Y es que la corrupción no es un elemento externo, sino un rasgo constitutivo de las tramas de la novela negra mexicana. El personaje debe negociar con esa corrupción, usarla o resistirla para avanzar en su pesquisa. Élmer Mendoza (1940) lleva esto al extremo con su detective el “Zurdo” Mendieta, un policía que “nada entre mierda y a veces saca la cabeza”, como define el autor sinaloense; Mendieta es un producto de su entorno, un profesional que aplica una moral flexible para sobrevivir en un mundo donde las instituciones son un obstáculo más.
Además de la presencia de la corrupción, el espacio (el paisaje o el ambiente social) es otro pilar clave en la novela negra mexicana donde se desenvuelve el detective mexicano (y eso incluye a la reportera Yolanda Lavanderos, creada por Taibo II). Ciudad de México, Monterrey o Ciudad Juárez no son meros escenarios: son antagonistas que moldean la psicología del personaje; por ejemplo, la urbe laberíntica y violenta retratada con crudeza por Juan José Rodríguez en “Mi nombre es Casablanca” (2003) o por Yuri Herrera en “Trabajos del reino” (2004), dos novelas extraordinarias del nuevo noir mexicano, determina el lenguaje, los miedos y las tácticas de sus protagonistas. En ellas, el detective recorre colonias ricas y barrios marginales, como trazando la cartografía de la desigualdad y la miseria humanas, porque su lucha es casi siempre quijotesca.

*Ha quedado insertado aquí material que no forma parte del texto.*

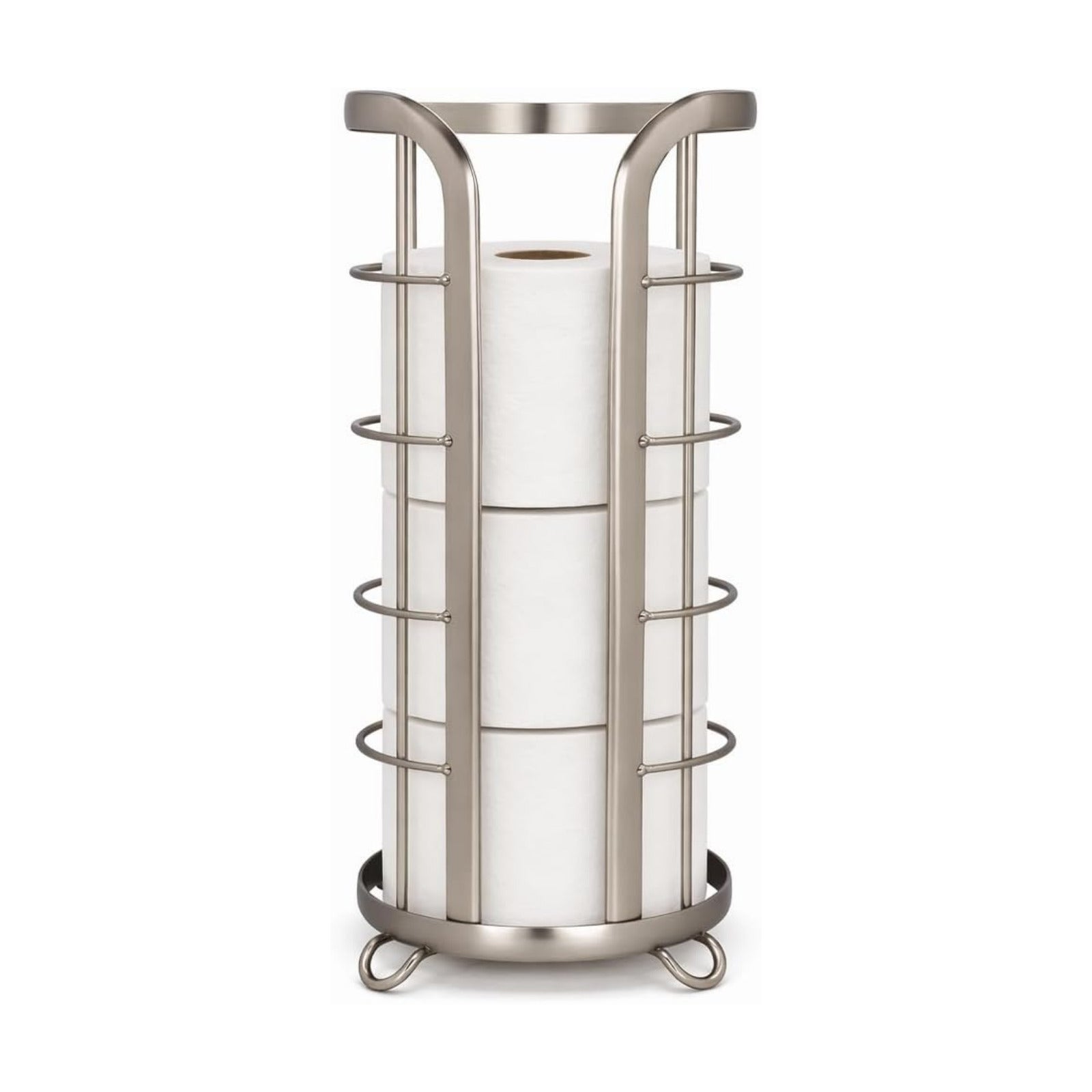 BROOKSTONE Toilet Paper Holder Stand Reserve - Free Standing Toilet Paper Stand with Storage that Holds Mega Rolls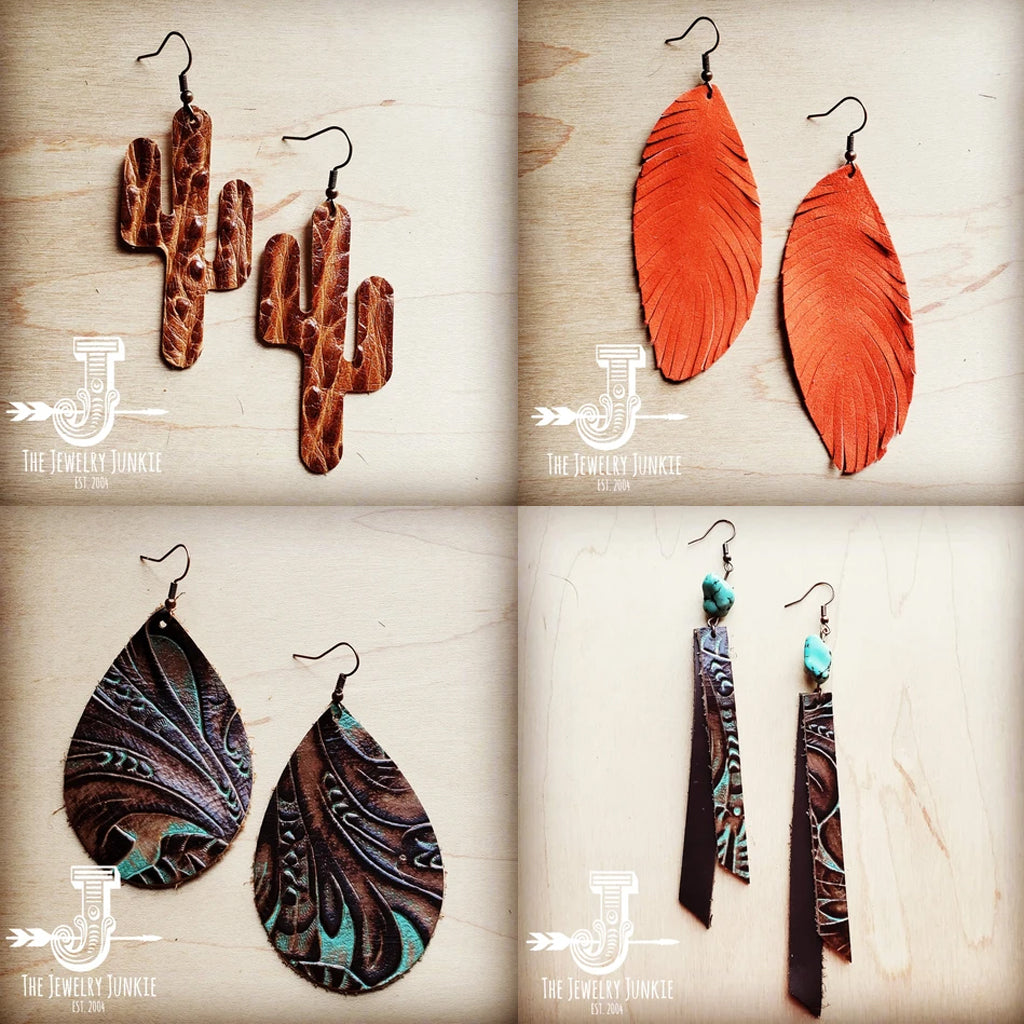 leather teardrop earrings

Y así persiste en varias de las novelas del género. La resolución del caso rara vez implica justicia e incluso comprensión. El detective se equivoca, tiene miedo, no es un superhombre; su triunfo no es restaurar el orden, sino sobrevivir en esta jungla de acero, y, al hacerlo, dejar al descubierto las terribles entrañas de un país donde el crimen y el poder son dos caras de la misma moneda.
La novela policiaca mexicana, a través de sus personajes, demuestra que el misterio a develar no es un homicidio, sino la nación misma en despliegue de su terrible realidad. No sé si sea por eso que me gusta tanto la novela de crímenes hecha por estos autores y muchos otros que continúan publicando en México sus obras, o porque detrás de ellas se refleja la descomposición de un país que reivindica su grandeza con esta narrativa que nos consuela y conmueve.